* **WHAT NEEDS TO BE DONE**
These records need to be repeated exactly, every one of them.

Excerpts from a dataset:
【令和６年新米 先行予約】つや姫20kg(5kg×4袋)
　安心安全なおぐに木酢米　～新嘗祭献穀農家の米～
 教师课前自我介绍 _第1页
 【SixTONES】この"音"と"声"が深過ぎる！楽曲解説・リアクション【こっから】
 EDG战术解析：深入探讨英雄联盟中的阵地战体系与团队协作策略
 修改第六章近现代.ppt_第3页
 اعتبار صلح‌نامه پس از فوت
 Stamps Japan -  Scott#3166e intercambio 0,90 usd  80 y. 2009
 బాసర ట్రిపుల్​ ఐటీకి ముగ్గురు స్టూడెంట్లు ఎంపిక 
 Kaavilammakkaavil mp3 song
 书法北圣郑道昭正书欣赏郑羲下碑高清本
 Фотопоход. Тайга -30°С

* **SOLUTION TO THE PROBLEM**
【令和６年新米 先行予約】つや姫20kg(5kg×4袋)
　安心安全なおぐに木酢米　～新嘗祭献穀農家の米～
 教师课前自我介绍 _第1页
 【SixTONES】この"音"と"声"が深過ぎる！楽曲解説・リアクション【こっから】
 EDG战术解析：深入探讨英雄联盟中的阵地战体系与团队协作策略
 修改第六章近现代.ppt_第3页
 اعتبار صلح‌نامه پس از فوت
 Stamps Japan -  Scott#3166e intercambio 0,90 usd  80 y. 2009
 బాసర ట్రిపుల్​ ఐటీకి ముగ్గురు స్టూడెంట్లు ఎంపిక 
 Kaavilammakkaavil mp3 song
 书法北圣郑道昭正书欣赏郑羲下碑高清本
 Фотопоход. Тайга -30°С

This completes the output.